At the time of the announcement in December of 2014, USA Pro Challenge CEO Shawn Hunter said the decision not to return to the valley was due largely to the time, money and other resources the community was pouring into the 2015 FIS Alpine World Ski Championships. Despite that king-sized effort, the Vail Valley Foundation, the local organizing committee for both events, had put in a bid for a Vail Pass time trial.
That time trial, which essentially determined the series winners in 2013 and 2014, drew thousands of people to Vail. That event this year is being replaced by a similar time trial in Breckenridge.
While Vail had been the focus during past events, Beaver Creek also played a role in the series in 2013, serving as the stretch run of a race that took cyclists over from Aspen over Independence Pass, through Leadville and Minturn, then the final leg- and lung-busting climb to Beaver Creek Village.
‘Going to Miss it’
Kristen Pryor, general manager of The Westin Riverfront Resort & Spa in Avon, said past Pro Challenge tours have helped that hotel for a couple of nights during the week of races.
“We’d love to have it back next year — it adds energy to the valley,” Pryor said. “I’m going to miss it a little.”
On the other hand, Pryor said the Pro Challenge — which has live TV and Internet coverage in both the U.S. and Europe — provides a boost for the whole state.
“There are people who are going to look at Steamboat Springs and think about the Rockies in general,” she said.
In Vail, Scott Gubrud, the sales and marketing director for the Four Seasons Resort, said that property isn’t likely to feel much impact from not having the event.
“Year over year we’re equal, if not better,” in terms of bookings, Gubrud said.
Still, losing the Pro Challenge this year has put something of a dent in the valley’s lodging occupancy numbers.
The Vail Valley Partnership — the regional chamber of commerce and tourism promotion group — tracks occupancy numbers around the valley. In an email, Partnership CEO Chris Romer wrote that there’s been a dip for the week of the cycling event. On the other hand, that dip in reservations is almost exactly the number of rooms reserved by teams, tour officials and media.

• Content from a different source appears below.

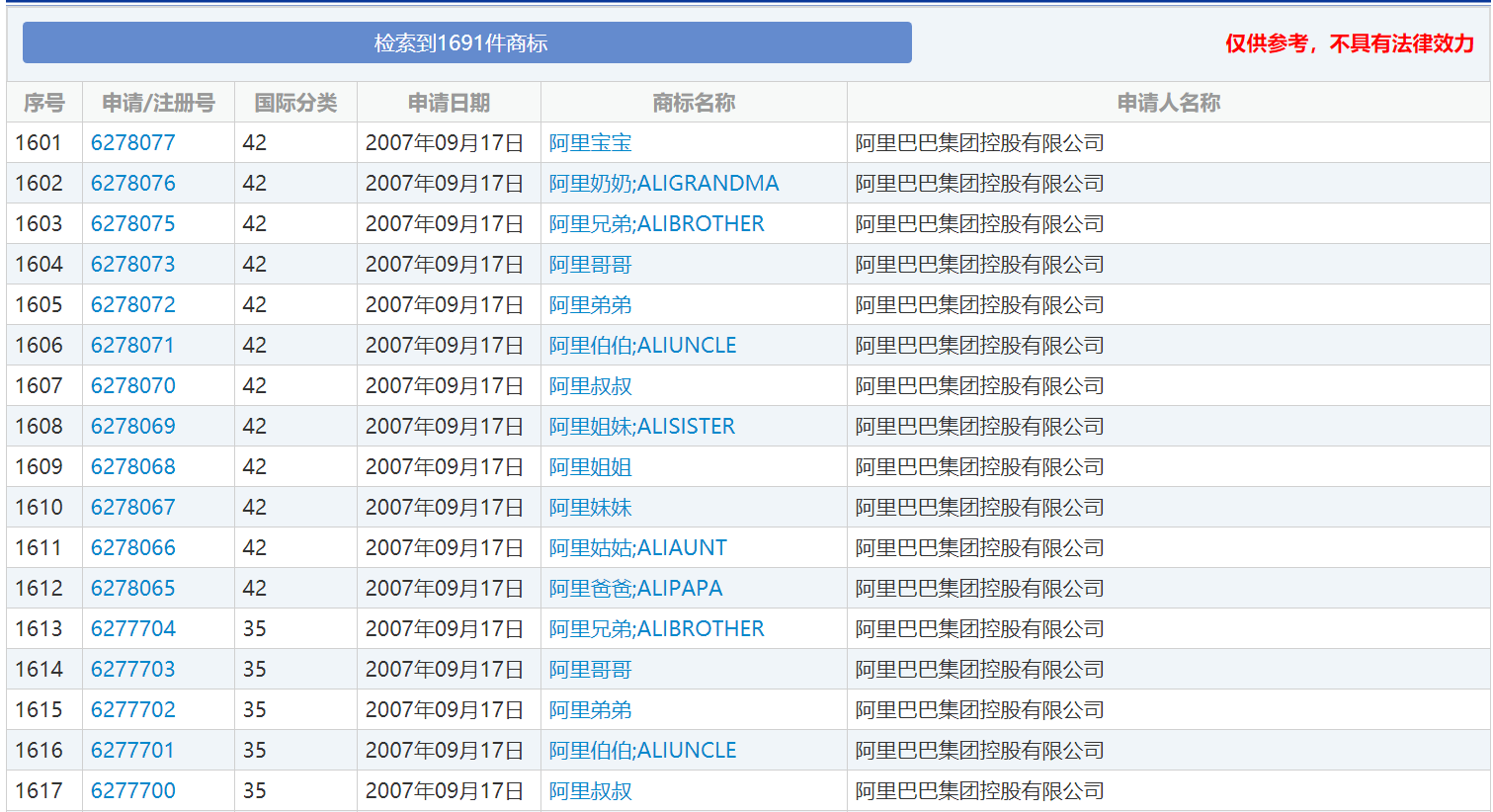 李佳琦的5条狗，4天提交400多件商标：是贫穷限制了我的想象！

Romer called the media exposure from the event “huge,” but added that the event itself “hasn’t typically resulted in equally huge overnight visitation from guests.”
Plenty of Activities
The overnight guests in town for the next week will still have plenty to do, of course. There are the Saturday and Sunday markets in Minturn and Vail, of course. And town of Vail Economic Development Director Kelli McDonald said there are numerous other events just in town. The World Youth Fly Fishing Championships in the valley wrap up today, and the usual array of in-town and on-mountain activities continue.
“We’re sorry not to have the Pro Challenge this summer — we enjoy having them,” McDonald said.
That sentiment was echoed by everyone else who commented for this story.
“I hope we have the opportunity to host it again in the future,” Romer wrote in an email.
The respect locals have for the Pro Challenge is returned by race organizers. Speaking about the 2015 schedule late last year, Hunter said the valley will be considered for stages in coming years.